What you are asked to do: Only one stretch of the data below is wanted: the lines starting at the one with "On Rue de la" and ending at the one with "A groom hugging his bride from behind.", both included, given again exactly.

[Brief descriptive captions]
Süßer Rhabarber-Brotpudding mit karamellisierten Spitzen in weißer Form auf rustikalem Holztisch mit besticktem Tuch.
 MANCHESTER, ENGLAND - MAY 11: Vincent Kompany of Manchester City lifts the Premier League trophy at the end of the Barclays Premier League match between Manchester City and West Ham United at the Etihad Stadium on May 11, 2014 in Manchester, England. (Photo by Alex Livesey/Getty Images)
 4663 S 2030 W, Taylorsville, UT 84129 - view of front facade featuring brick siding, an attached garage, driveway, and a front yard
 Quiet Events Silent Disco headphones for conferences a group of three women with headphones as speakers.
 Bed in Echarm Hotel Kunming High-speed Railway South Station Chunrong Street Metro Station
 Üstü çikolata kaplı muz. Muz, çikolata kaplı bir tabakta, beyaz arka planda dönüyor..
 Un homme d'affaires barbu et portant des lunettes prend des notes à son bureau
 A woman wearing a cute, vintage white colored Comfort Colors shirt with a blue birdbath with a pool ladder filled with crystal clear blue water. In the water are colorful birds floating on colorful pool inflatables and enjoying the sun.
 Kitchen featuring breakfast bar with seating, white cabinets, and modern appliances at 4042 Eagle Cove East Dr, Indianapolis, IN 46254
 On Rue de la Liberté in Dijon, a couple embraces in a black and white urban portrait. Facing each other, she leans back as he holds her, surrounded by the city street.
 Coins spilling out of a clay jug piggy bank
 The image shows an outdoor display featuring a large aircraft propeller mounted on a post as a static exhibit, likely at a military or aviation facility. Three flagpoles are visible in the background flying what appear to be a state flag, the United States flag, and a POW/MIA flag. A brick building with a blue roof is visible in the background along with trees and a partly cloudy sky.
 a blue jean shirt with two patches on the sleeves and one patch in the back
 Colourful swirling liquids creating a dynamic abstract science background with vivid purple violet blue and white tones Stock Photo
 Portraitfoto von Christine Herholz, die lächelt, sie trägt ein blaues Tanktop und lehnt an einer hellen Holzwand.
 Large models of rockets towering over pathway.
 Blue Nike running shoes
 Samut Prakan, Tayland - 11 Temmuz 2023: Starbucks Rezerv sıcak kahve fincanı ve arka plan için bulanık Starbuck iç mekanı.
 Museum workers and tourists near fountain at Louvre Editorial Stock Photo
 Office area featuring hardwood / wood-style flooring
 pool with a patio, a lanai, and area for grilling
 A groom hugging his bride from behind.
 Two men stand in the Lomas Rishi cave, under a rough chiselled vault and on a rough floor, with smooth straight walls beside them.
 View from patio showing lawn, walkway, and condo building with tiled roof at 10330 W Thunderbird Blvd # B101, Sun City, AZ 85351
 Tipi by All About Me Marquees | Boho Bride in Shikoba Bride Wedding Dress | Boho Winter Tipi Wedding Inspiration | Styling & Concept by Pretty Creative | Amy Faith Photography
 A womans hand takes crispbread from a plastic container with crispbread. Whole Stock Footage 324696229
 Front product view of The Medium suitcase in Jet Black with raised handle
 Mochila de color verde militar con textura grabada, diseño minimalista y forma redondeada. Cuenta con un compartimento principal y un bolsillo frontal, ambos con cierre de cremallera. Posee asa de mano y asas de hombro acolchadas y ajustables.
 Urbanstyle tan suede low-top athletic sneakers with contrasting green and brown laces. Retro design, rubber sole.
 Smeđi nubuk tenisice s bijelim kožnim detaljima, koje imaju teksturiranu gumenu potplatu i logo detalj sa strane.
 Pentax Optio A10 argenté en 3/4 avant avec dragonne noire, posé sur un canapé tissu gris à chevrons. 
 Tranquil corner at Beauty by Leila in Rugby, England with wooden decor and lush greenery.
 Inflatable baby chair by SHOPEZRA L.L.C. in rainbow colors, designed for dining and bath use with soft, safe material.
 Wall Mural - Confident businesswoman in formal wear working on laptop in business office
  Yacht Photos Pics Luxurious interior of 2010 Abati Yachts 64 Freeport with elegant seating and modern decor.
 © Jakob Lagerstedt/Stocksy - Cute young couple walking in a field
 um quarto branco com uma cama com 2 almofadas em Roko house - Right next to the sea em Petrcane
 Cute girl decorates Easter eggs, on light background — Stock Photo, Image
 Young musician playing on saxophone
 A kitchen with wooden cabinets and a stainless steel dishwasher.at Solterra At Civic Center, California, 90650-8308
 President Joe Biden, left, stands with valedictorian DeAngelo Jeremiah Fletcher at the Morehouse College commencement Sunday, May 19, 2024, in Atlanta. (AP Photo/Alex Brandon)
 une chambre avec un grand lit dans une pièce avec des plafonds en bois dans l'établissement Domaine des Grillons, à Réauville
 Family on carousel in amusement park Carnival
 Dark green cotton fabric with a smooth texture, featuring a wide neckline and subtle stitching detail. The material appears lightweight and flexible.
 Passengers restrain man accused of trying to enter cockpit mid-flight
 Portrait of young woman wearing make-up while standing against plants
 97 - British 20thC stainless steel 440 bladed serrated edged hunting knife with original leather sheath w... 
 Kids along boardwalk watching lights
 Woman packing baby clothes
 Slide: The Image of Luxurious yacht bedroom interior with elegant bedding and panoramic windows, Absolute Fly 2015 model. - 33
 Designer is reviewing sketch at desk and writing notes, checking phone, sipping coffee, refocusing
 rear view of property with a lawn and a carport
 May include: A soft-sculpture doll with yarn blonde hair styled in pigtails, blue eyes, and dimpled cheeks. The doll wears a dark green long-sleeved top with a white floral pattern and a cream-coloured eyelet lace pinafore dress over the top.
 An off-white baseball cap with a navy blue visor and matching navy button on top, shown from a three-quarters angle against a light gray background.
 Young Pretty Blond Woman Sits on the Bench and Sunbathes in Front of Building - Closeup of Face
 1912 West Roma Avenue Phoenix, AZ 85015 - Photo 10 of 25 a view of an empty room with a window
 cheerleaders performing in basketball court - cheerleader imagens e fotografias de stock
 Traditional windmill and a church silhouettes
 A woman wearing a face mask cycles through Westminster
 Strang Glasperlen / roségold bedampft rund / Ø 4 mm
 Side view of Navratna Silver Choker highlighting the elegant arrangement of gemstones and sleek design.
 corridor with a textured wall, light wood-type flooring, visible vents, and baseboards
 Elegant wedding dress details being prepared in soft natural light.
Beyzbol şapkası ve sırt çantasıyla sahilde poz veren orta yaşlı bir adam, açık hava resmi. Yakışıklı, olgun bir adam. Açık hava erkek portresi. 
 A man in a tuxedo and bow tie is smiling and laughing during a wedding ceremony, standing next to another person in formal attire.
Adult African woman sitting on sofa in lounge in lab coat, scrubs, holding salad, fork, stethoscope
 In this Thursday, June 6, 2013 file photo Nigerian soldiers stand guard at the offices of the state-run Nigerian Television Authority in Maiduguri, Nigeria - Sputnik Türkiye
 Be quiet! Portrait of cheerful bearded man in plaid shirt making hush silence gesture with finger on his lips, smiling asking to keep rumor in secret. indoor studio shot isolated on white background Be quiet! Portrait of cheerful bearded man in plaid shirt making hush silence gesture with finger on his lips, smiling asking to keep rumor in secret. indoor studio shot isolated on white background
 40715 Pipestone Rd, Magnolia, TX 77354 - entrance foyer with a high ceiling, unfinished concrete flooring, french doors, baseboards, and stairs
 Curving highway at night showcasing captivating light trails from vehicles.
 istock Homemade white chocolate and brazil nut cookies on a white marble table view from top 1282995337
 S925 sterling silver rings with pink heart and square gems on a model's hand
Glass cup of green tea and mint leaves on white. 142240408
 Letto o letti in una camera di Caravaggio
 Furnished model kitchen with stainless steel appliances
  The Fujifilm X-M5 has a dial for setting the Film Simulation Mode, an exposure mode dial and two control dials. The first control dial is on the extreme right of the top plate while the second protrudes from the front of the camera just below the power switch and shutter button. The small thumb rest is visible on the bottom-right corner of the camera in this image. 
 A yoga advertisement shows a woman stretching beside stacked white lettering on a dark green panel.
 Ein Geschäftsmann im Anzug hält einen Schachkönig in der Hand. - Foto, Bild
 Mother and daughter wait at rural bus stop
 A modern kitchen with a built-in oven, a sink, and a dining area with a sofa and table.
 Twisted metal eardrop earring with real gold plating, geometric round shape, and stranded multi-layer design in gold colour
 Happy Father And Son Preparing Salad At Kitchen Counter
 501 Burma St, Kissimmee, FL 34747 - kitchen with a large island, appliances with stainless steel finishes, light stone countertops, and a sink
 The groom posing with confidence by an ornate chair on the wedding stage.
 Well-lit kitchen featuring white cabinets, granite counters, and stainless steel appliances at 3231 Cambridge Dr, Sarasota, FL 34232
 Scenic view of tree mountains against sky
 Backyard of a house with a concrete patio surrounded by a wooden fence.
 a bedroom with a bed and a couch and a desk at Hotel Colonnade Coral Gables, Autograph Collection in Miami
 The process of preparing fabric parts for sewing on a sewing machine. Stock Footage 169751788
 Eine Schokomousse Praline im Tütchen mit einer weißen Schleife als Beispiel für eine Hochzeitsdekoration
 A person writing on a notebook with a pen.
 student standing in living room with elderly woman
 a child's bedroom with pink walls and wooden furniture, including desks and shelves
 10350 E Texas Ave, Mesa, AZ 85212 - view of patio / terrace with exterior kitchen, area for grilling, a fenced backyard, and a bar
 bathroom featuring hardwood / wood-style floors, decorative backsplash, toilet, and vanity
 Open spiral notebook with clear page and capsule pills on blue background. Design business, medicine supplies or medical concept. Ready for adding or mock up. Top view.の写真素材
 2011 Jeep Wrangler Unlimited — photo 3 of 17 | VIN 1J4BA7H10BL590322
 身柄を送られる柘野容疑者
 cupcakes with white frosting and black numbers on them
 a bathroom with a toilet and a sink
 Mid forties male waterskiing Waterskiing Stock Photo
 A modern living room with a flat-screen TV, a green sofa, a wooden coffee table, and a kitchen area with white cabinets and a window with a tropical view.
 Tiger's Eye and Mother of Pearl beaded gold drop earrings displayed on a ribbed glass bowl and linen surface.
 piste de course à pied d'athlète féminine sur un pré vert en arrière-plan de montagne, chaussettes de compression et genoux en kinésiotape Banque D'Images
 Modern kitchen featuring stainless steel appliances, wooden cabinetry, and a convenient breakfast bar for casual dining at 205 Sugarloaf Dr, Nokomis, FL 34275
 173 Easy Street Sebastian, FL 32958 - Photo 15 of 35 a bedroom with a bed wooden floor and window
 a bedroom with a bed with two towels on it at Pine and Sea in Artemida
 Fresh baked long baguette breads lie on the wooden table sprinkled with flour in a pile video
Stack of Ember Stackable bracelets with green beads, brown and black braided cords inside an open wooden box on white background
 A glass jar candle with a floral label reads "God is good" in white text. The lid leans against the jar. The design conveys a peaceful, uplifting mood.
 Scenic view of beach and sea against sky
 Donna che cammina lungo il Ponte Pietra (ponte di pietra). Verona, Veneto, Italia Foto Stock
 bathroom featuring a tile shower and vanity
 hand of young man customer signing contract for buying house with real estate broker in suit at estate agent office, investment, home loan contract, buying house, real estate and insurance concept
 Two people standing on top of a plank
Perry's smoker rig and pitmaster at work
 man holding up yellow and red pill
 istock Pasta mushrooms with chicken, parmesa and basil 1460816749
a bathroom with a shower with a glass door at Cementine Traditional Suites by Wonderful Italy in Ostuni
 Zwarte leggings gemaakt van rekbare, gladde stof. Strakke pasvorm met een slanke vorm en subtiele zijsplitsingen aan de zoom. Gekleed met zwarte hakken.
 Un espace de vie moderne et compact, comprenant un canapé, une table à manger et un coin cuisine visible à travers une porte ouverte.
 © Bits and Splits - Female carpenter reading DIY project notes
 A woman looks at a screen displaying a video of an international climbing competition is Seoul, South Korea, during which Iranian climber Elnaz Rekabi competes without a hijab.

Task output:
 On Rue de la Liberté in Dijon, a couple embraces in a black and white urban portrait. Facing each other, she leans back as he holds her, surrounded by the city street.
 Coins spilling out of a clay jug piggy bank
 The image shows an outdoor display featuring a large aircraft propeller mounted on a post as a static exhibit, likely at a military or aviation facility. Three flagpoles are visible in the background flying what appear to be a state flag, the United States flag, and a POW/MIA flag. A brick building with a blue roof is visible in the background along with trees and a partly cloudy sky.
 a blue jean shirt with two patches on the sleeves and one patch in the back
 Colourful swirling liquids creating a dynamic abstract science background with vivid purple violet blue and white tones Stock Photo
 Portraitfoto von Christine Herholz, die lächelt, sie trägt ein blaues Tanktop und lehnt an einer hellen Holzwand.
 Large models of rockets towering over pathway.
 Blue Nike running shoes
 Samut Prakan, Tayland - 11 Temmuz 2023: Starbucks Rezerv sıcak kahve fincanı ve arka plan için bulanık Starbuck iç mekanı.
 Museum workers and tourists near fountain at Louvre Editorial Stock Photo
 Office area featuring hardwood / wood-style flooring
 pool with a patio, a lanai, and area for grilling
 A groom hugging his bride from behind.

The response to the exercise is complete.